Salah satu alternatifnya, lulusan SMP yang tidak bisa melanjutkan ke SLTA umum akan dimasukkan ke sekolah menengah kejuruan (SMK). Selama mengikuti pendidikan di SMK mereka tidak dipungut biaya sama sekali. Bahkan, guna menampung anak putus sekolah dari keluarga tidak mampu itu pemkot akan menambah jumlah SMK, sebagian dibangun di kawasan Surabaya Barat. “Penambahan SMK itu diharapkan bisa terus menambah lulusan siap kerja. Dengan demikian, dapat menekan angka pengangguran,” harapnya.
Kikis Pengangguran
Keinginan pemkot itu selaras dengan niat pemerintah pusat untuk menambah SMK di seluruh Nusantara secara merata. Dengan target membalik rasio SMA:SMK dari 60:40 menjadi 30:70. Maksudnya, jika selama ini masih didominasi SMA, mendatang bakal di balik.

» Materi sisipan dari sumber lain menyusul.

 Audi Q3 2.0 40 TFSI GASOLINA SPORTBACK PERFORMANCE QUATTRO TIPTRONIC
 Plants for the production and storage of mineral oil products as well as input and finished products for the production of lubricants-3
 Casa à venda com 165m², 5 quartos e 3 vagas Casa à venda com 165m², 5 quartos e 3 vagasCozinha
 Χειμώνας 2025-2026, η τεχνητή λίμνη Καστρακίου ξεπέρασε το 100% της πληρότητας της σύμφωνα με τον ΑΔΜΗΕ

Menurutnya, ada dua kawasan yang menjadi usulan untuk program penambahan SMK itu. Yakni, kawasan Surabaya Barat dan Utara. Kedua wilayah ini memiliki angka siswa melanjutkan ke jenjang kuliah sangat rendah. Di Surabaya Barat hanya 14-16 persen, sementara di Surabaya Utara hanya 4 persen.
“Untuk Surabaya Utara lahannya sangat sulit. Tidak ada tanah kosong lagi di sana. Jadi, sementara ini kami prioritaskan untuk membangunan SMK di kawasan Surabaya Barat dulu,” kata Risma.

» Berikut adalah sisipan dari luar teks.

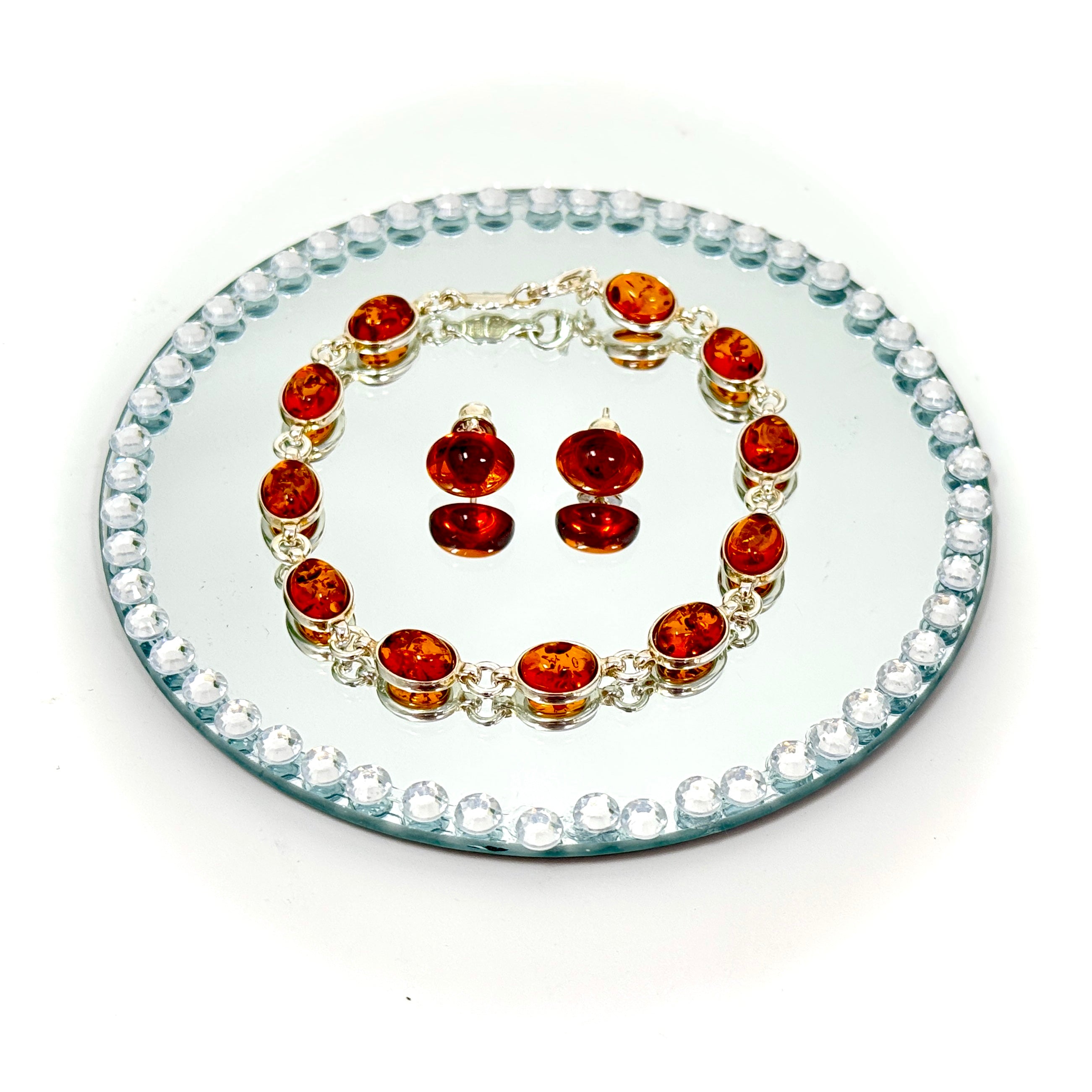 Luxuriöses Bernstein-Armband aus 925er Silber mit kunstvoll eingefassten Bernsteinen in warmen Naturtönen. Handgefertigtes Unikat mit sicherem Silberverschluss.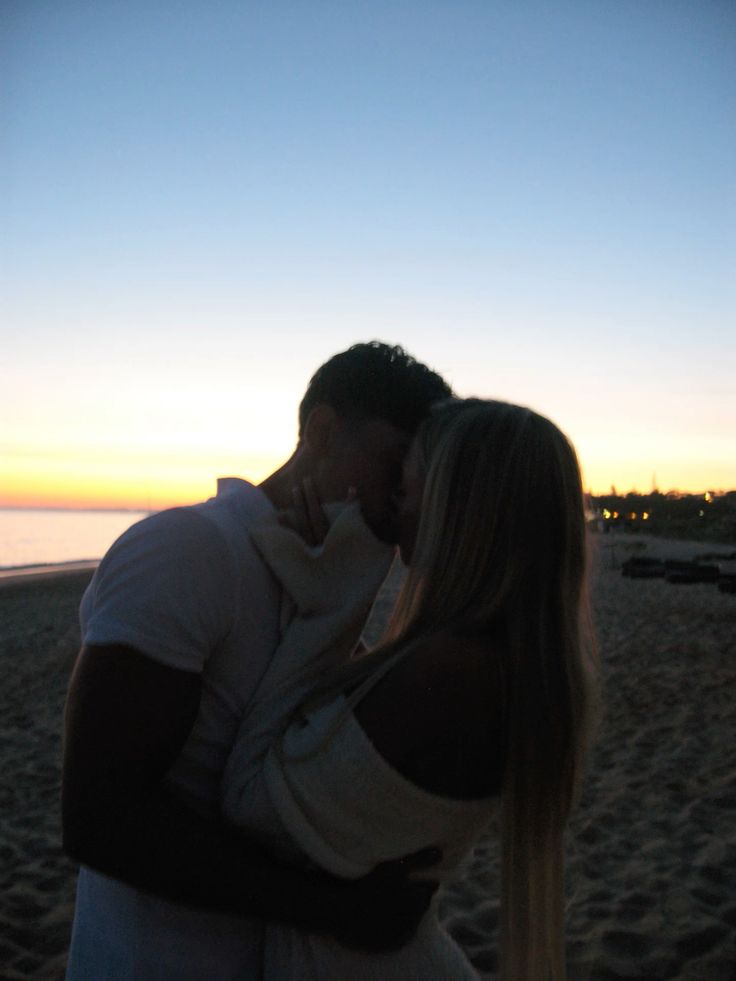 Chụp ảnh đôi là cách giữ lại từng mùa yêu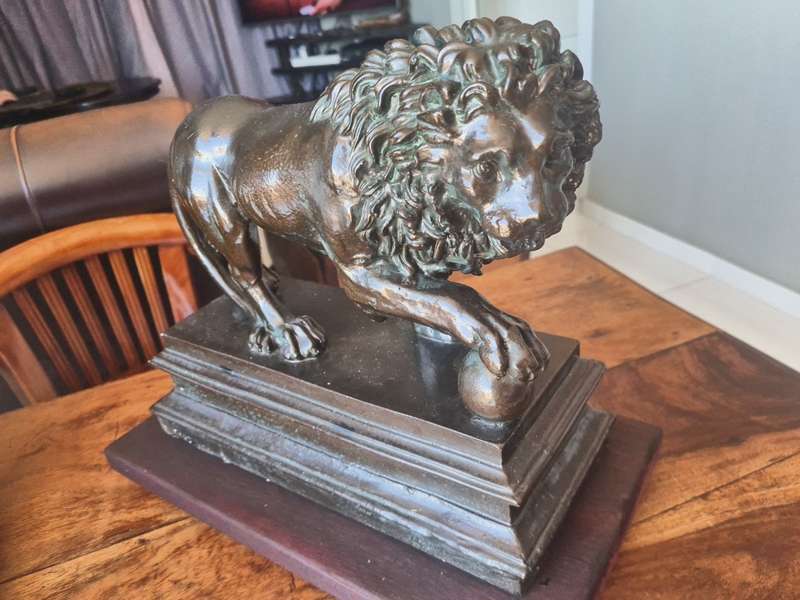 Large Pair Medici Lions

Lokasi pendirian SMK baru itu berada di Kecamatan Lakarsantri. “Yang pasti sekolah itu bakal didirikan di primary area atau wilayah utama kelas A di Surabaya Barat,” lanjut mantan kepala Dinas Kebersihan dan Pertamanan itu.

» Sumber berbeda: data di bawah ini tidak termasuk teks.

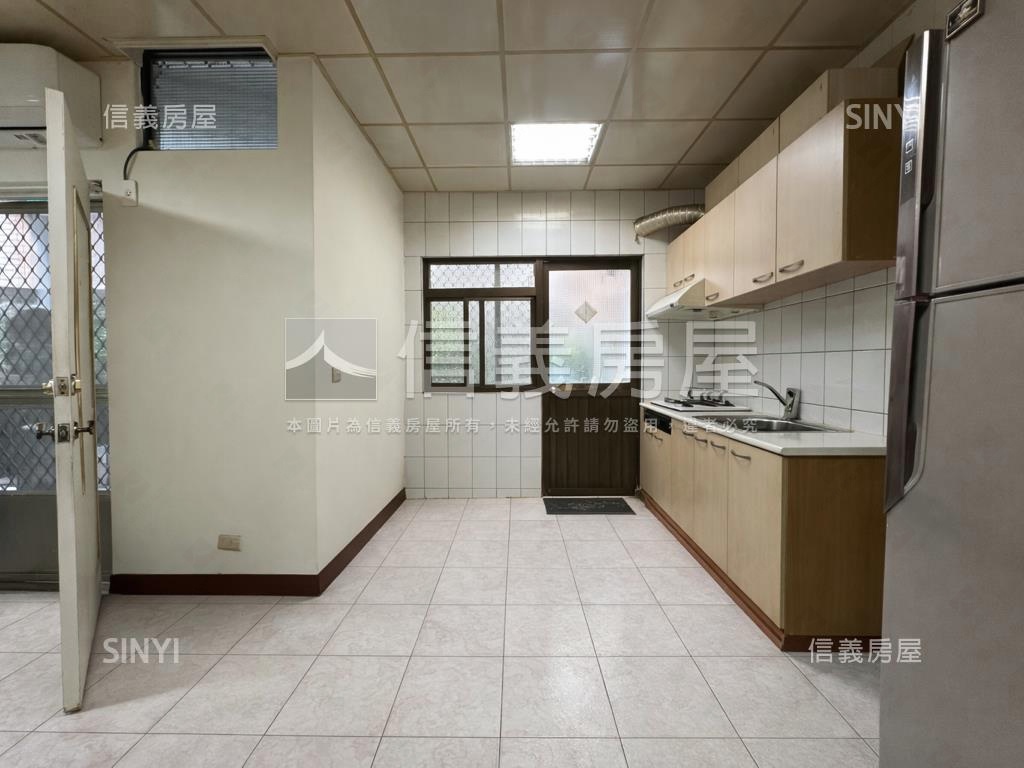 湖畔有院美宅房屋室內格局與周邊環境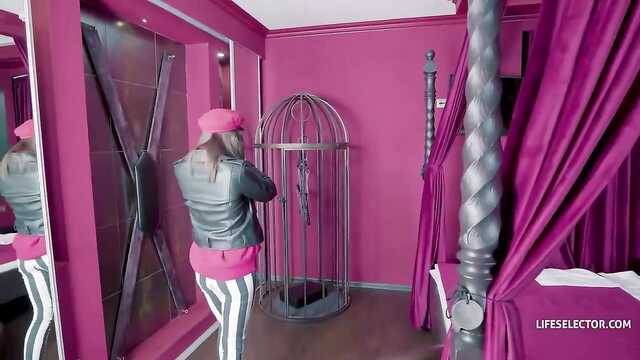 Found a special place for anal on camera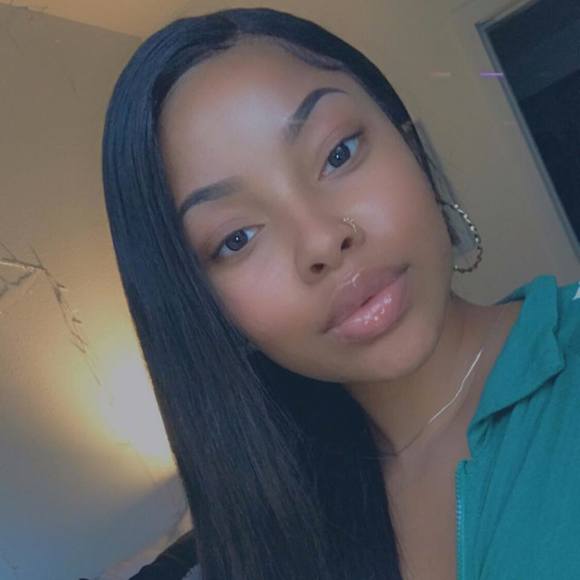 Profile Picture of Lonnesha White (@lonnesha) on Poshmark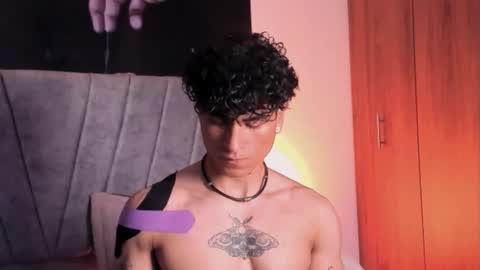 Snapshot of thomas_fit1 chatting on 10/09/25, 06:00 Thomas 3 JUST STAY AND BE MY LAST LOVE online show from 10/09/25, 06:00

SMK dipilih dengan pemikiran sekolah ini “lebih dekat“ pada dunia kerja. Pilihan ini dianggap paling masuk akal melihat tingginya angka pengangguran di Surabaya. Data terbaru yang dirilis Bappeko menyebutkan ada 92.367 pengangguran
di Surabaya dengan rinciannya 12.126 orang di Surabaya Barat, 18.427 orang di Surabaya Utara, 13.139 orang di Surabaya Pusat, 24.726 orang di Surabaya Selatan, dan 23.131 orang di Surabaya Timur.
“Dengan melanjutkan ke SMK, mereka bisa langsung bekerja kalau memang memutuskan untuk tidak kuliah,” kata Risma. “Dengan begitu, angka pengangguran diharapkan tidak bertambah lagi,” harapnya.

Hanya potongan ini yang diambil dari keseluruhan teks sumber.